Task objective → This exercise calls for an exact copy of the listing, with no pictures kept.
---------- Data section ----------
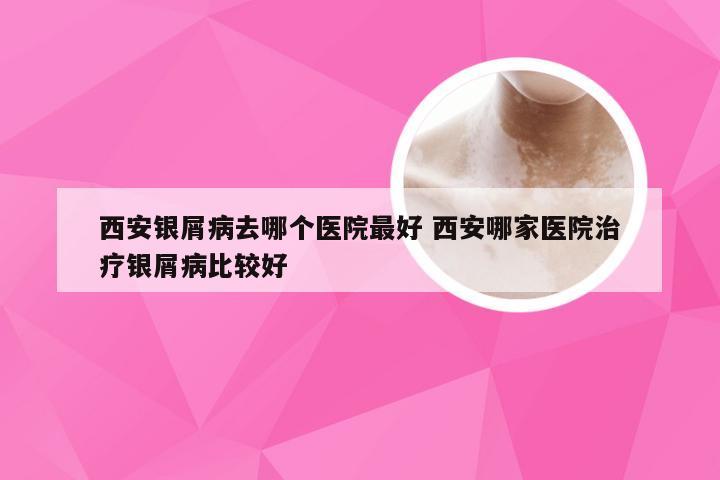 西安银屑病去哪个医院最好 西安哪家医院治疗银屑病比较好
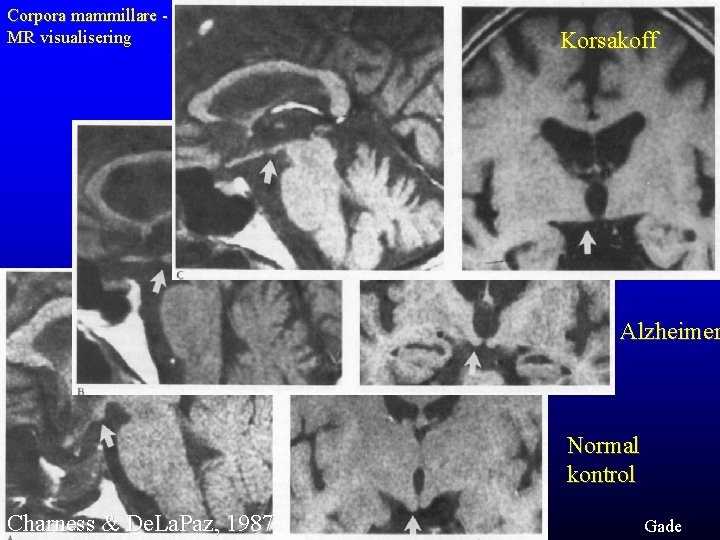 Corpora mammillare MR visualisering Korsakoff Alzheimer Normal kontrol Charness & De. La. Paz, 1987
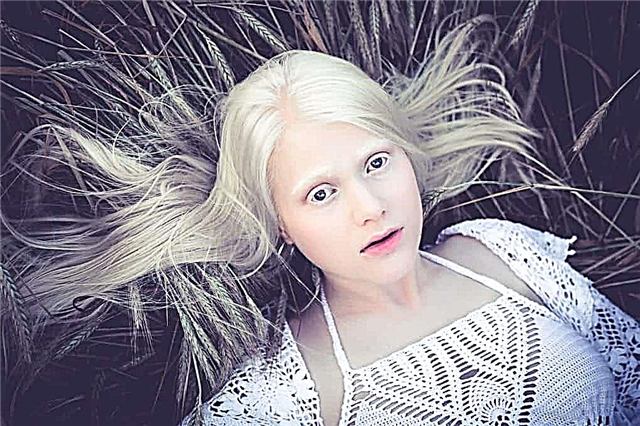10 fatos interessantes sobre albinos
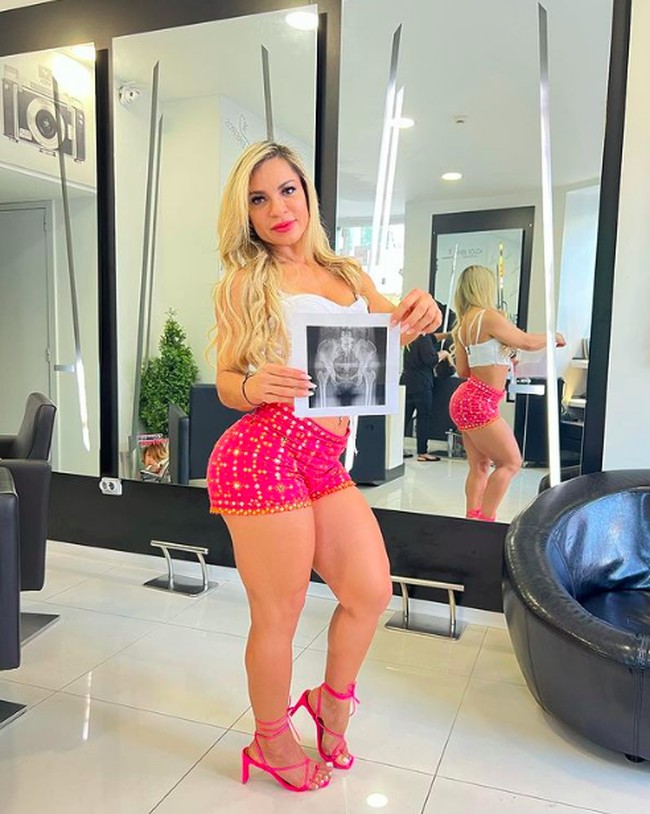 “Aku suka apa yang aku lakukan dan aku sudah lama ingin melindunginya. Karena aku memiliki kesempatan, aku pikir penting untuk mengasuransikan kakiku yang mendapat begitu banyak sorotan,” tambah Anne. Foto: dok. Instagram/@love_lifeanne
----------
Answer for this exercise →
 西安银屑病去哪个医院最好 西安哪家医院治疗银屑病比较好
 Corpora mammillare MR visualisering Korsakoff Alzheimer Normal kontrol Charness & De. La. Paz, 1987
10 fatos interessantes sobre albinos
 “Aku suka apa yang aku lakukan dan aku sudah lama ingin melindunginya. Karena aku memiliki kesempatan, aku pikir penting untuk mengasuransikan kakiku yang mendapat begitu banyak sorotan,” tambah Anne. Foto: dok. Instagram/@love_lifeanne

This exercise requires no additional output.